What We Can With What We’ve Got

In Daily Devotional by J.R. Hudberg

Bible Verse: “Do not add to what I command you and do not subtract from it, but keep the commands of the LORD your God that I give you.” Deuteronomy 4:2

Scripture Reading: Deuteronomy 4:1-49

Sometimes, I think the Pharisees get a bad rap.

Sometimes.

I know, we’re in Deuteronomy this week (no Pharisees there), but we will get there. Don’t misunderstand. The Pharisees, individually and collectively, were identified as way off the mark. They are culpable for both their ignorance and selfishness (see Matthew 23:1-39).

It’s a well-established fact that to avoid breaking the Law of Moses, the Pharisees built some additional man-made requirements around the core laws that God gave Moses.

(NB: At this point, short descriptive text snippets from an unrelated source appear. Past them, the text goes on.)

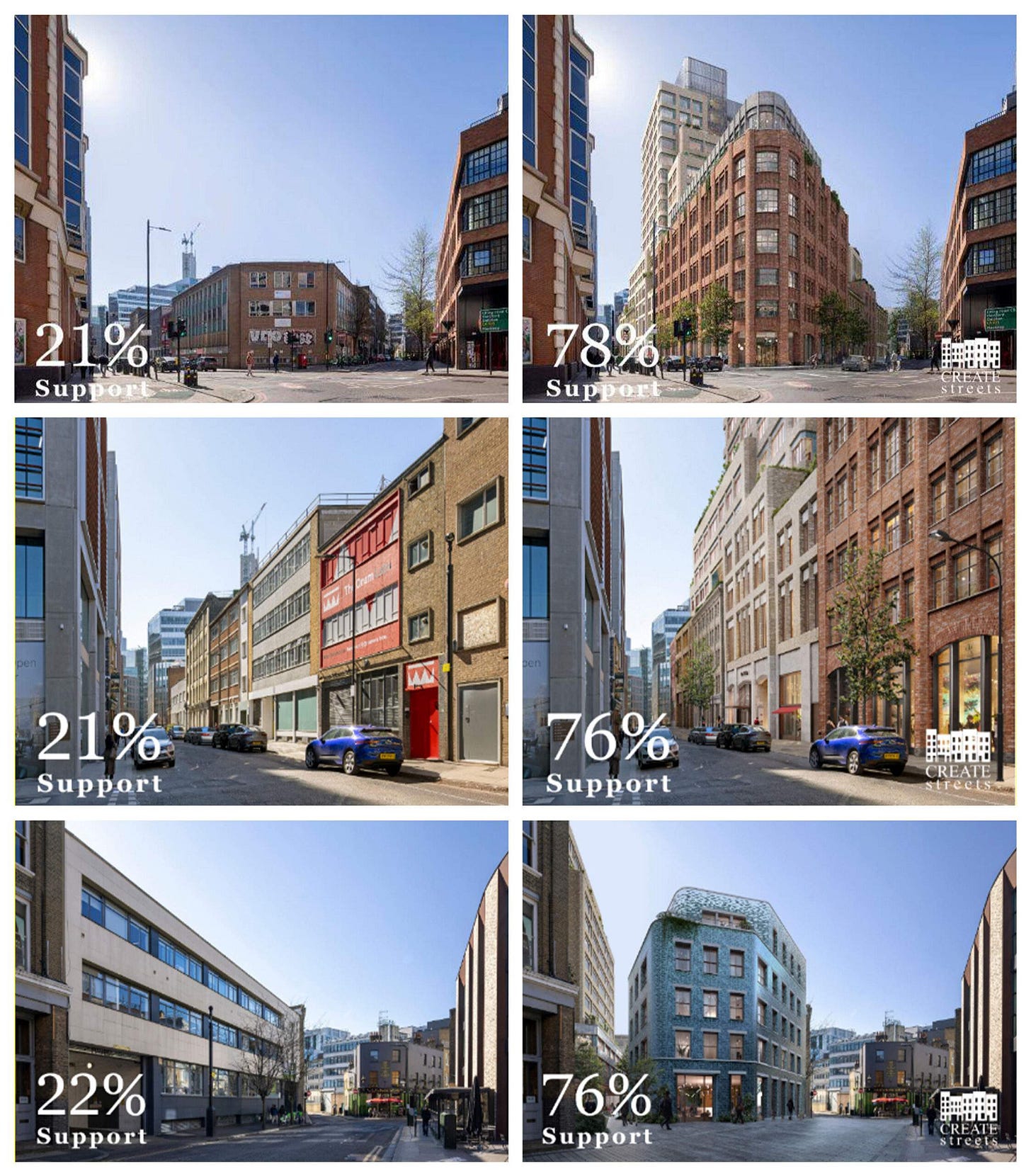 Create Streets. Create Streets.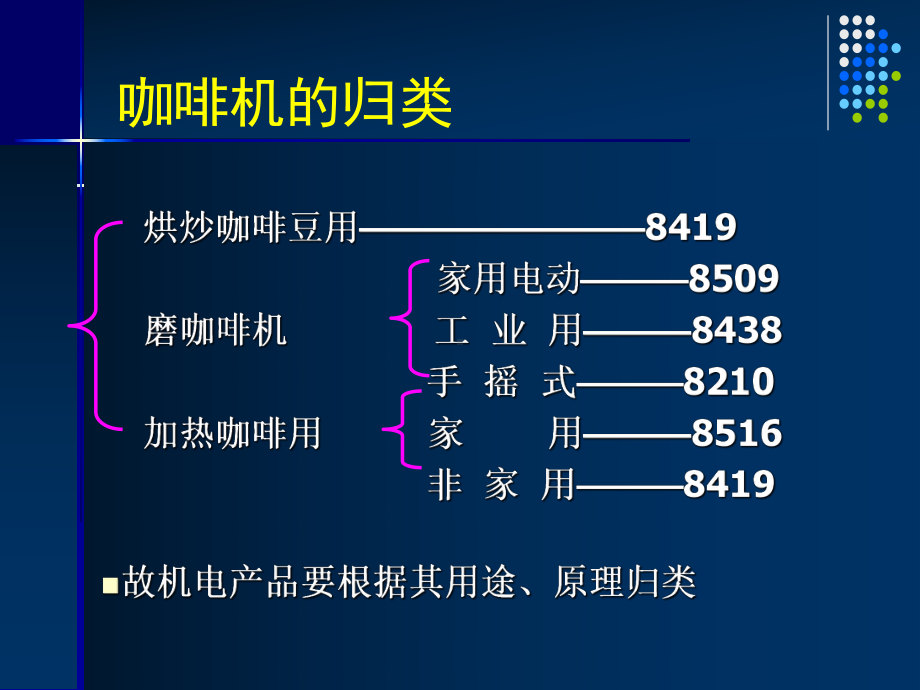 机电商品及其归类课件.ppt_第3页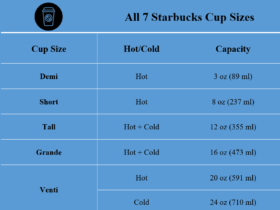 7 Starbucks Cup Sizes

I want to think they were trying to help the people. After all, as a father, I know where the lines are that I don’t want my boys to cross—where the objective right and wrong is—so I set up boundaries well back from those places. I build their rules well away from the areas of sin and consequences.

Maybe that’s what the Pharisees were doing: attempting to protect the people.

Now, take a good read of today’s verse and consider the extent of the laws that God gave. God gave 611 laws and requirements. He covered everything the Israelites might face, either in specifics or in principles. There was nothing more the Israelites needed to know and nothing more they needed to do. And God reminds them of that in today’s verse.

In the rest of Moses’ farewell thoughts throughout Deuteronomy, he reminds Israel of the laws given to their parents. The laws that the people of God were to live by. They were the laws to set Israel apart from the nations around them. God’s instructions were not to be added to or taken away from.

This puts the Pharisees back in a bit of perspective. The problem wasn’t that they themselves were trying to be faithful to God. The problem is that the Pharisees were making barriers to others getting close to God.

And that’s the takeaway for us.

As men, we know our struggles. We know where the boundaries are. And there may be a great deal of wisdom in drawing our own additional boundaries, but those boundaries are for us. They are not to be put on other people.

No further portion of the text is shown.